According to a court filing by his attorney, Velazquez’s downfall began with a project to design a ranch’s facade. The architect, fearful of drug-fueled violence, accepted his client’s offer to provide personal security when crossing the border between home and work. The arrangement seemed to work out so well that Velazquez referred a friend who also wanted protection.

Then the client — unnamed in the filing — demanded the men pay $40,000 or drive drugs across the border. He flipped a coin to determine who would transport the drugs and Velazquez lost. The architect surrendered his minivan for packing and got the call for March 4, his wife’s birthday.

Lopez-Gallo says she received threatening calls within hours of her husband’s detention, prompting her to flee to her brother’s house with her two teenage daughters. She wrote the judge that she “felt the devil’s breath running in the back of my neck.”

Velazquez told the judge that he should have volunteered to border inspectors that his minivan was loaded with drugs.

“To my end, I know I did the wrong thing,” he wrote.

Velazquez, who pleaded guilty in June to one count of importing a controlled substance, has elicited little sympathy from U.S. authorities.

“It’s very common for a drug smuggler to claim coercion after they get caught,” said Lauren Mack, a spokeswoman for Immigration and Customs Enforcement, which led the investigation. “The question is why they don’t come to authorities before they’re caught.”

“Do they quit if they get away with it the first time?” she added.

Paul Starita, an assistant U.S. attorney handling the case, declined to comment on Velazquez’s explanation.

Jesse Navarro, a longtime Velazquez family friend who works as a public affairs officer for the San Diego County district attorney’s office, said he was disappointed that the architect didn’t turn to authorities for help and called his behavior “ignorant and naive.” Yet he said he also understood Velazquez’s fears.

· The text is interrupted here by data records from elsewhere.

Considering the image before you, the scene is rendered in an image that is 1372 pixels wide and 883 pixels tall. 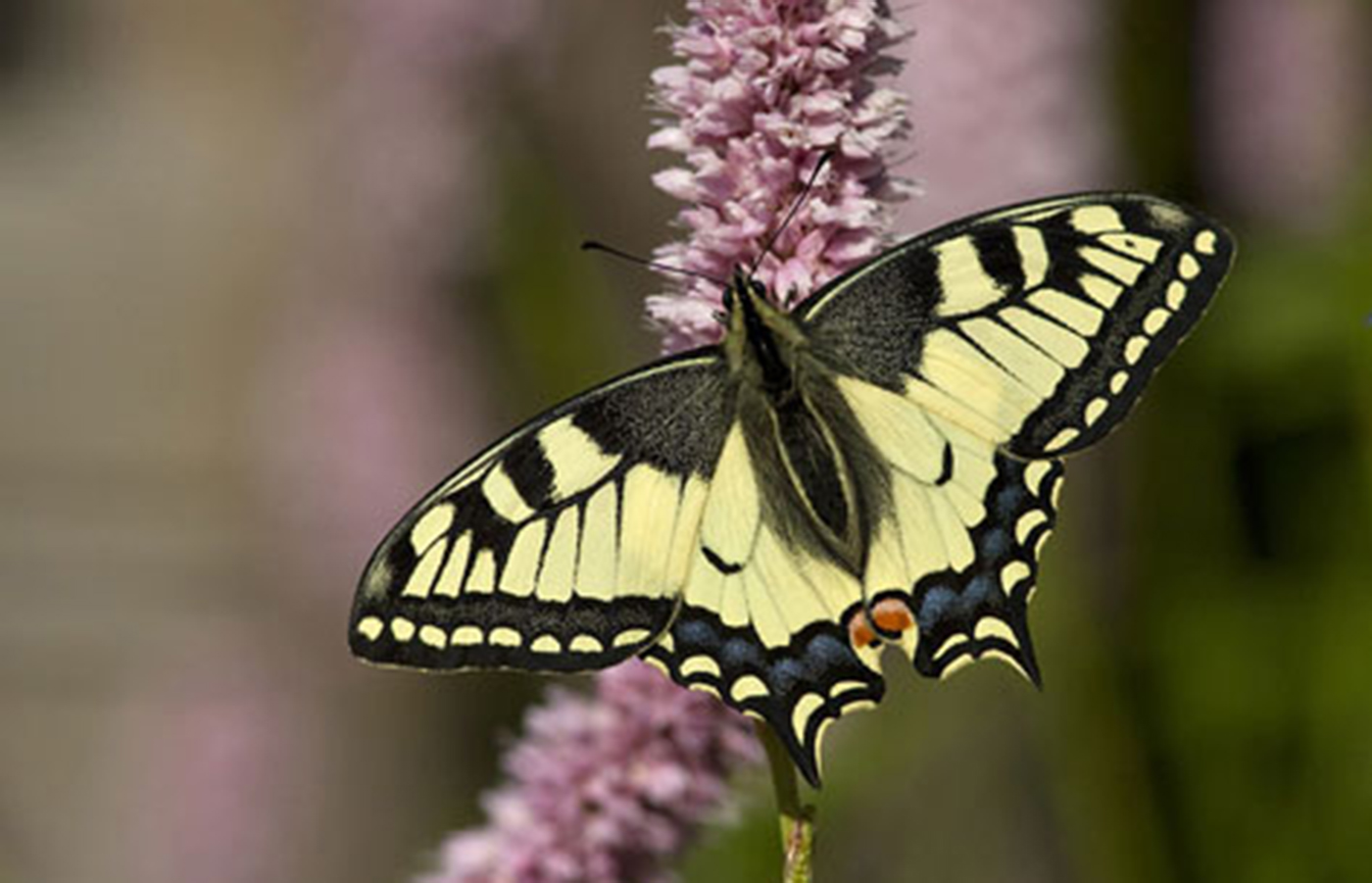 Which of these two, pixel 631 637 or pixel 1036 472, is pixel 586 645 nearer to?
pixel 631 637

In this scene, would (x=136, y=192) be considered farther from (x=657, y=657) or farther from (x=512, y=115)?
(x=657, y=657)

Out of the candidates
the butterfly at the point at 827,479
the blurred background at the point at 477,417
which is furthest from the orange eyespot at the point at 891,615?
the blurred background at the point at 477,417

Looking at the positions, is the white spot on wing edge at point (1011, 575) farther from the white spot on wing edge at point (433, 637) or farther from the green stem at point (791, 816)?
the white spot on wing edge at point (433, 637)

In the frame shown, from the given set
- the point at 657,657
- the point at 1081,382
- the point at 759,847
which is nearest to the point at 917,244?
the point at 1081,382

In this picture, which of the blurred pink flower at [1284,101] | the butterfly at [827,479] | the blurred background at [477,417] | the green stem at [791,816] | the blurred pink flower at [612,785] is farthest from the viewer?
the blurred pink flower at [1284,101]

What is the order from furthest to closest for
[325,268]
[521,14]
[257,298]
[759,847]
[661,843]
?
[257,298] → [325,268] → [521,14] → [759,847] → [661,843]

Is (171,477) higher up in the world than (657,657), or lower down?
lower down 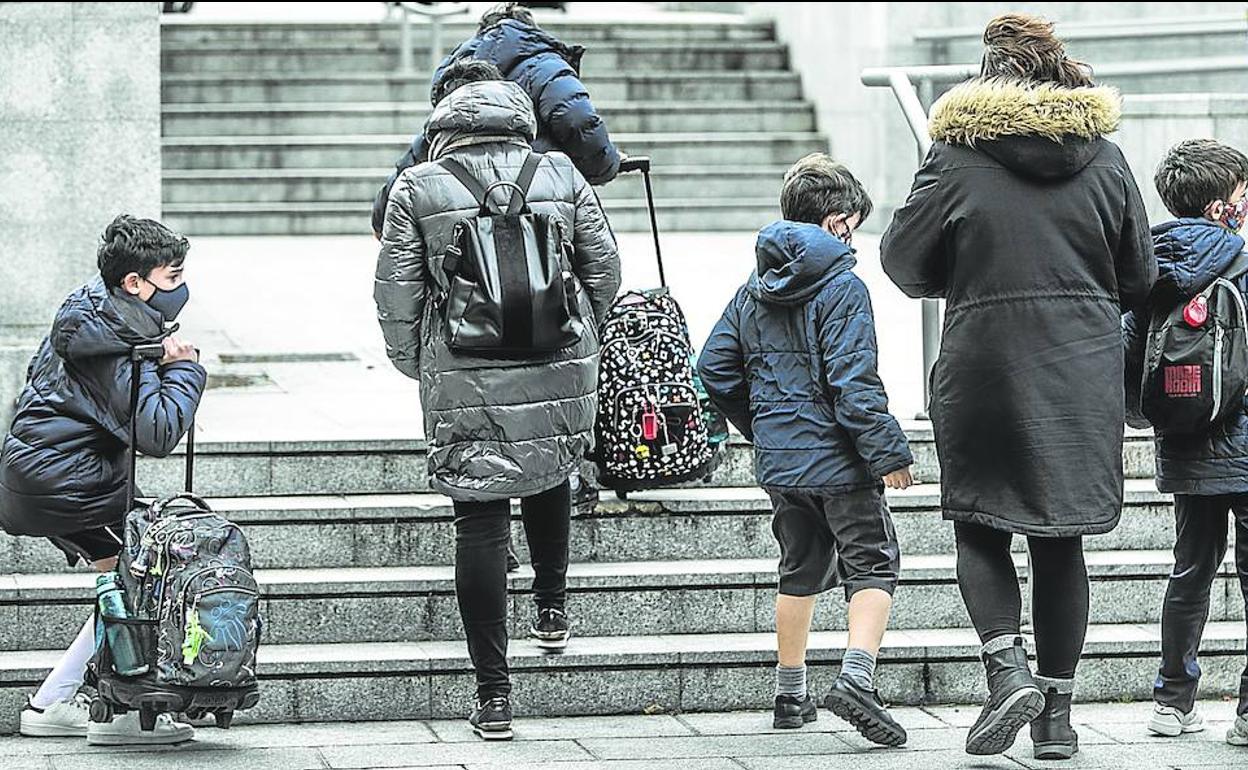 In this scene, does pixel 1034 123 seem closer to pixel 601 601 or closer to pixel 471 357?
pixel 471 357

“It appears that he felt trapped and determined — incorrectly — that the only way to protect himself and his family was to do what the unscrupulous narco-traffickers demanded of him,” Navarro wrote the judge.

Velazquez’s attorney has asked the judge for a one-year sentence of home confinement. After being freed on $100,000 bond, Velazquez opened an architecture and interior design firm with a friend in Chula Vista, a San Diego suburb.

Velazquez is pressing ahead with Tijuana’s Our Lady of Guadalupe Cathedral, a giant complex under construction across the street from City Hall that will be the seat of the Catholic archdiocese.

“He desperately wants to complete that project, and the church has stood behind him as the architect whose vision has been and will continue to be embodied throughout the structures and grounds,” his attorney wrote the judge.